DATA RECORDS Start Marker
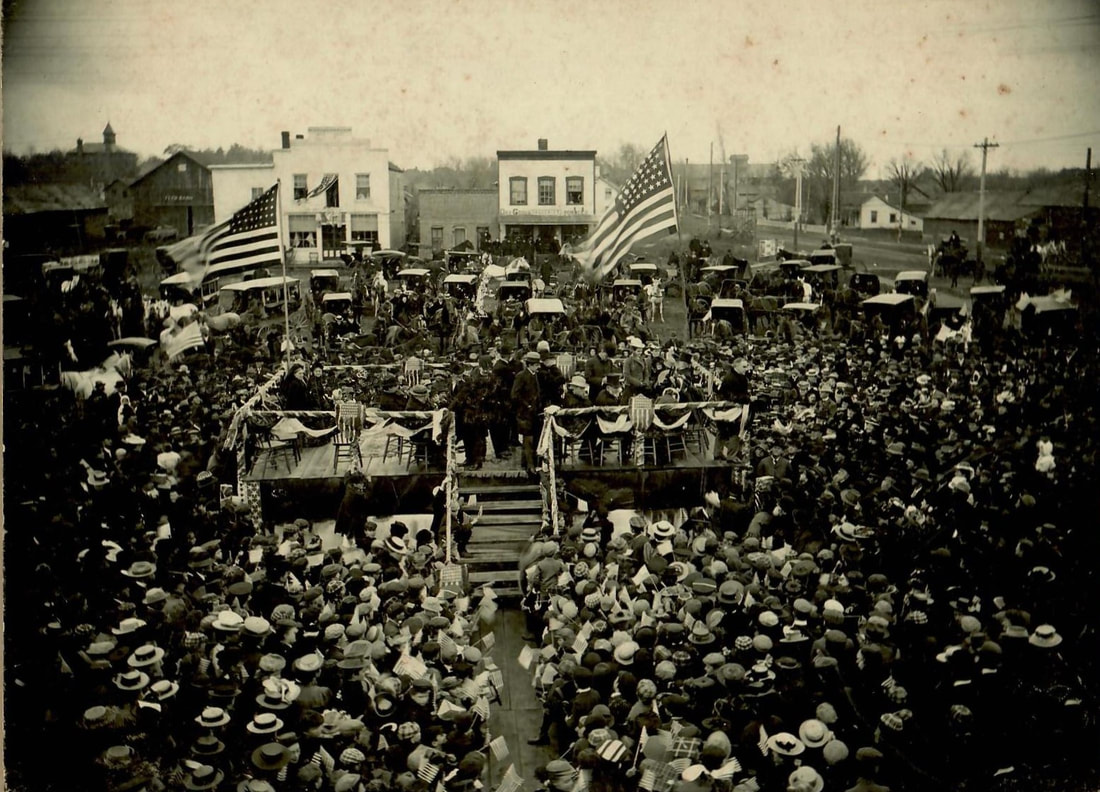 President McKinley giving a speech at the Depot in 1899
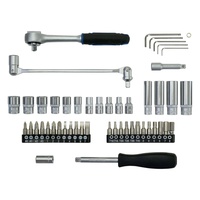 Jeu de clés à douilles à double tête flexible CR-V de 49 pièces, douilles profondes, à commande manuelle, en chrome vanadium, avec porte-embouts 1/4, boîte à outils OEM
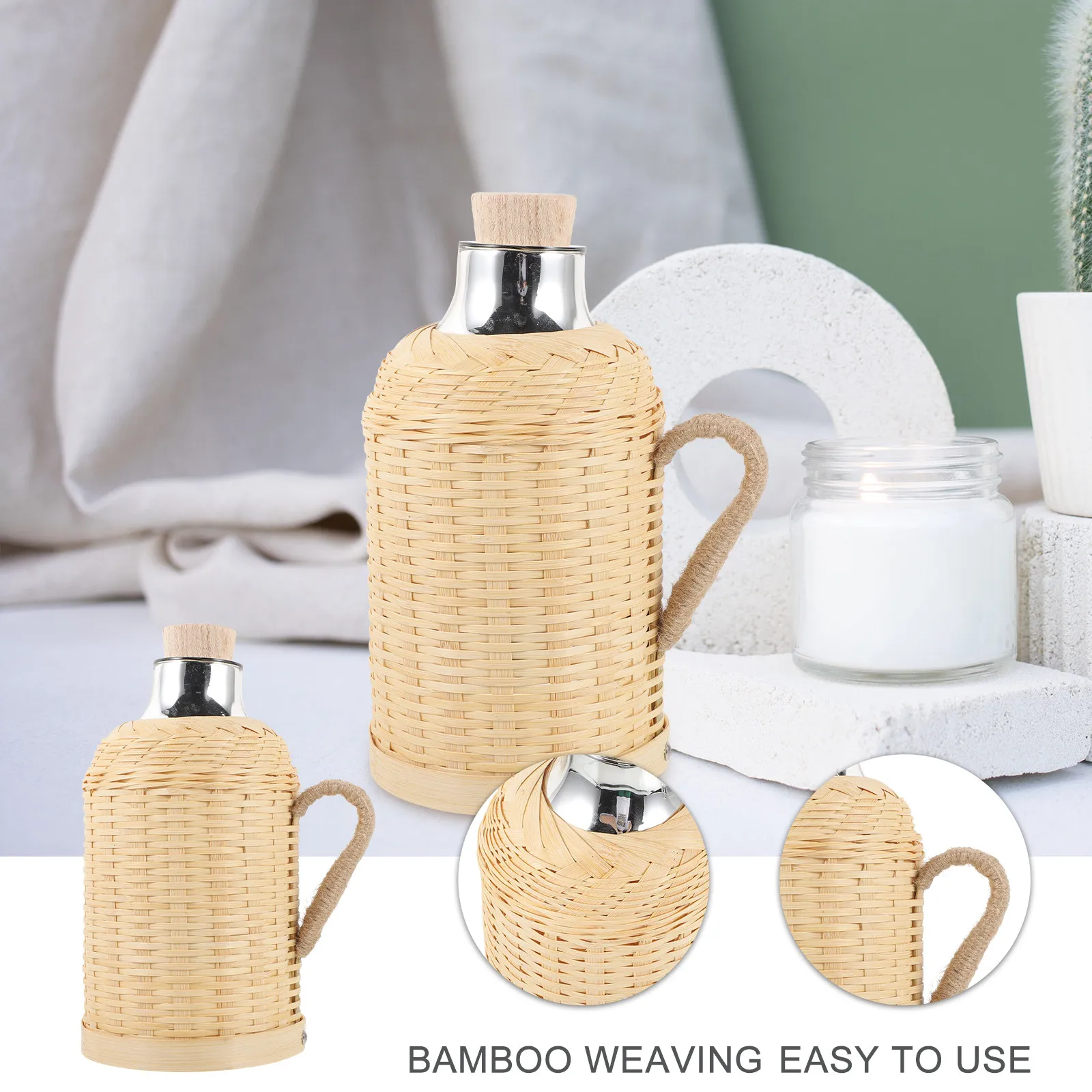 Thermal Bottle Retro Bamboo Woven Cover Water Bottle Brown Handle Warm Keeping Kettle for Indoor Outdoor Use Home Thermal Kettle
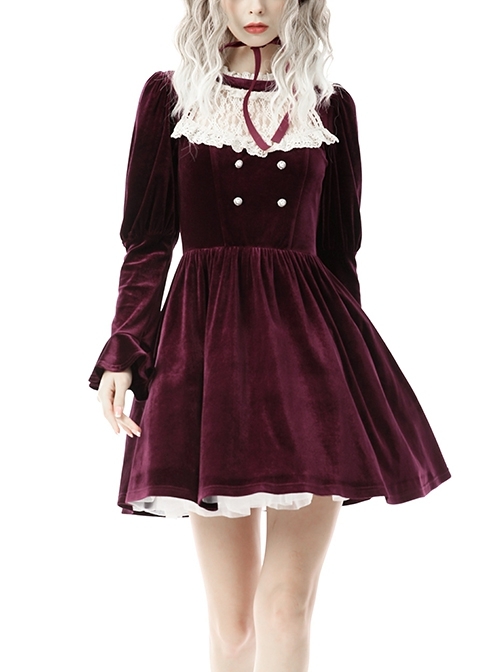 Red Retro Elegant Court Gorgeous Lace Long Sleeve Princess Dress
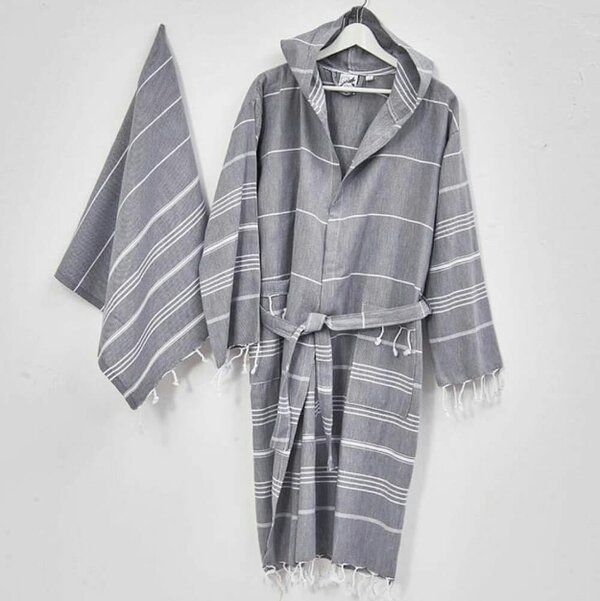 Cotton and Olive SET: Tassel Unisex Hammam Robe + Bath Sheet Set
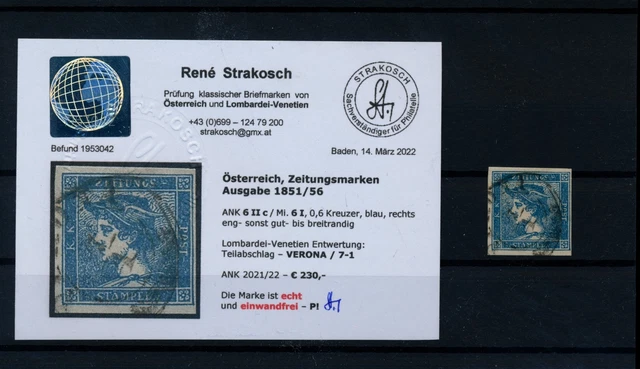 LOMBARDEI-VENETIEN 1851 Zeitungsmarken, blau, Kw:230, - VERONA. STRAKOSCH Befund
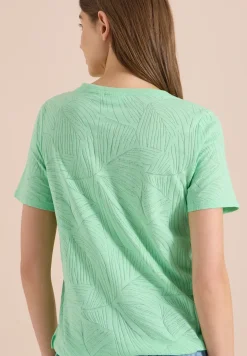 Shirt in burn-out look met tekst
DATA RECORDS End Marker
_REQUIREMENT_
Restate word for word, please, the line containing "LOMBARDEI-VENETIEN 1851 Zeitungsmarken, blau, Kw:230, - VERONA." and all lines after it through the end of the material; the pictures do not belong in the copy.

_OUTPUT OF THE EXERCISE_
 LOMBARDEI-VENETIEN 1851 Zeitungsmarken, blau, Kw:230, - VERONA. STRAKOSCH Befund
 Shirt in burn-out look met tekst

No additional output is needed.